12      L’article 11 de ce même règlement, qui figure à ladite section 3, dispose:

«1.      En matière d’assurance de responsabilité, l’assureur peut également être appelé devant le tribunal saisi de l’action de la personne lésée contre l’assuré, si la loi de ce tribunal le permet.

2.      Les dispositions des articles 8, 9 et 10 sont applicables en cas d’action directe intentée par la victime contre l’assureur, lorsque l’action directe est possible.

3.      Si la loi relative à cette action directe prévoit la mise en cause du preneur d’assurance ou de l’assuré, le même tribunal sera aussi compétent à leur égard.»

 Le droit finlandais

13      L’article 5 du chapitre 18 du code de procédure judiciaire (Suomen oikeudenkäymiskaari) dispose:

«Lorsqu’une partie à une procédure juridictionnelle souhaite, pour le cas où elle succombe, présenter contre un tiers une demande en garantie, ou une demande de dommages et intérêts, ou toute autre demande équivalente, elle peut introduire l’action afférente à cette demande dans le cadre de la même procédure.

Toute personne qui, eu égard au résultat auquel la procédure est susceptible d’aboutir entre les parties à une procédure juridictionnelle, souhaite introduire une action afférente à une demande au sens [du premier alinéa] ci-dessus, à l’encontre des parties, ou de l’une d’entre elles, peut le faire dans le cadre de la même procédure.»

14      L’article 61 de la loi sur l’assurance accident [Tapaturmavakuutuslaki (1948/608)], du 20 août 1948 (ci-après la «loi sur l’assurance accident»), est libellé comme suit:

«Le bénéficiaire d’une indemnisation en application de la présente loi conserve le droit de percevoir, sur le fondement d’une autre loi, une indemnisation au titre des conséquences de la lésion subie, de la part de la personne qui l’a occasionnée ou d’une autre personne tenue de verser une indemnisation. Les sommes octroyées à ce titre ne peuvent toutefois pas être supérieures au montant correspondant à la différence entre l’indemnisation totale du préjudice et l’indemnisation consentie en application de la présente loi.

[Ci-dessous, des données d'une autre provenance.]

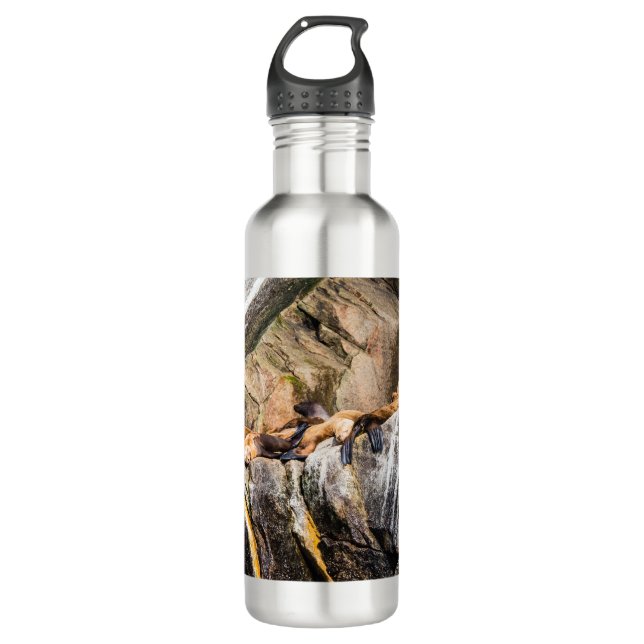 Botella De Agua Leones Marinos Sobre Las Rocas (Anverso)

L’organisme assureur qui a dû indemniser le préjudice en application de la présente loi a le droit de récupérer le montant des indemnités auprès d’une personne tenue à indemnisation au sens [du premier alinéa] ci-dessus, sauf, toutefois, auprès des personnes ayant déjà satisfait de bonne foi à leur obligation d’indemnisation, ainsi qu’auprès des personnes tenues à l’indemnisation d’un préjudice sur le fondement de la loi relative à la responsabilité du fait des produits défectueux.

L’indemnisation bénéficiant ainsi à l’organisme assureur ne peut cependant pas être supérieure à celle à laquelle la personne lésée ou les proches de celles-ci auraient pu prétendre.»

 Le litige au principal et la question préjudicielle

15      Il ressort de la décision de renvoi que A, qui a été victime d’un accident de la circulation en Allemagne, a introduit une action contre SOVAG, auprès de laquelle était assuré le véhicule responsable du dommage, devant le Länsi-Uudenmaan käräjäoikeus (tribunal de première instance de l’Uusimaa occidental). A y concluait, notamment, à ce qu’il soit constaté qu’il avait subi un grave traumatisme crânien et cervical et qu’il présentait, à la suite de cet accident, une incapacité de travail permanente.

16      Cet accident de la circulation constituant également un accident de travail, au sens de la loi sur l’assurance accident, If, qui est établie en Finlande, a versé à A, sur le fondement de cette loi, des indemnités au titre dudit accident.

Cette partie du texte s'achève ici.